Cover: Sandra Bullock doesn't do anything unless it's specifically designed to make Ryan Reynolds jealous. And now that she's (perhaps) dating one of Ryan's friends, it's clear that she's stepped up her jealousy strategy. Recently she took Ryan's friend-person to a party and, according to an "event onlooker" (which is totally what I want to be in my next life), they were glued to each other.

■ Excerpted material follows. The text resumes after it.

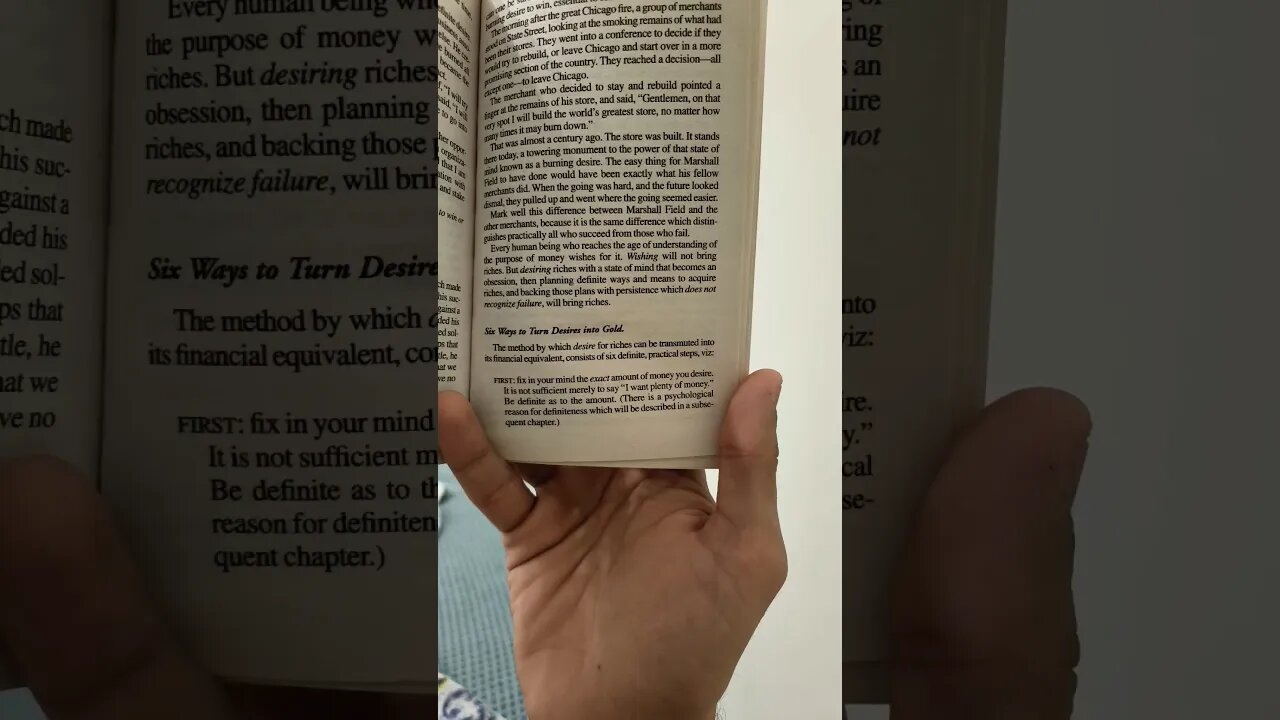 six ways to turn your desires into GOLD 🥇🪙 by Napoleon Hill in "Think and grow rich"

This week in wily seductresses: So, the reason Kim Kardashian has started a Bible study group isn't her abiding love for the baby Jesus. It's her abiding love for a good storyline. And what would be better than one involving Tim Tebow? Nothing, is what. Kim's recent interest in church and piety is a cleverly planned strategy to lure Tim into her web of profitable seduction, but the whole sex-tape thing may prove a bit of a hindrance.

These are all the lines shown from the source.